XLIV

— En ce cas, cela changerait tout, annonça Adamsberg à Veyrenc au petit déjeuner.

Le commissaire avait apporté le café et le pain sous un des pommiers de la cour. Pendant qu’Adamsberg emplissait les bols, Veyrenc lançait des petites pommes à cidre à quatre mètres devant lui.

— Réfléchis, Louis. Ma photo a été publiée dans Le Reportage d’Ordebec le lendemain de mon arrivée. L’assassin ne pouvait pas me confondre avec Danglard. C’est donc bien lui qu’on a tenté de tuer sur les rails, et non pas moi. Pourquoi ? Parce qu’il avait vu les cloportes. Il n’existe pas d’autre solution.
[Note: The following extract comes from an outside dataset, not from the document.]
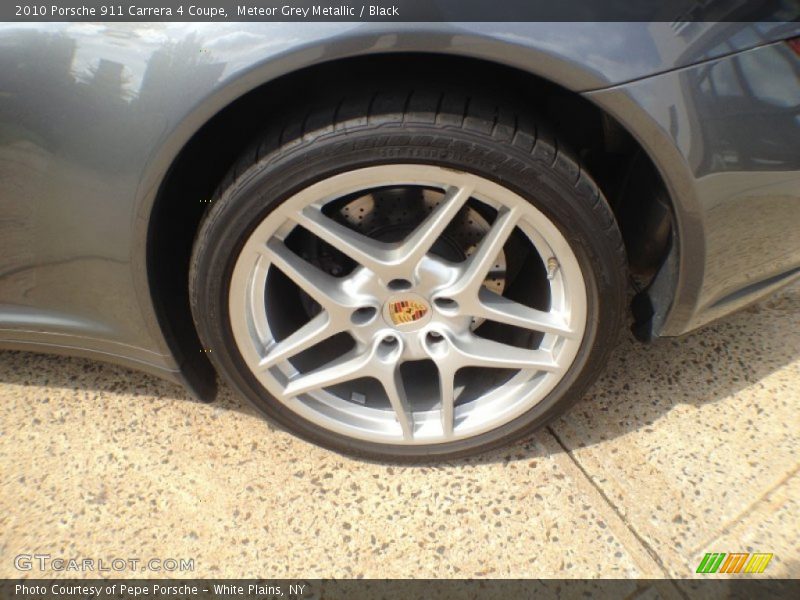  2010 911 Carrera 4 Coupe Wheel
— Et qui aurait su qu’il les avait vus ?

— Tu es placé pour savoir que Danglard dissimule mal. Il a dû flâner dans Ordebec, parler et faire parler. Il s’est sans doute trahi. On a donc bien un lien entre les meurtres et les cloportes. L’assassin ne veut à aucun prix qu’on sache d’où viennent les gosses Vendermot.

— Cache ta descendance, les fruits de ta semence.

Ils reviendront un jour arracher leur vengeance,

marmonna Veyrenc en lançant une nouvelle pomme.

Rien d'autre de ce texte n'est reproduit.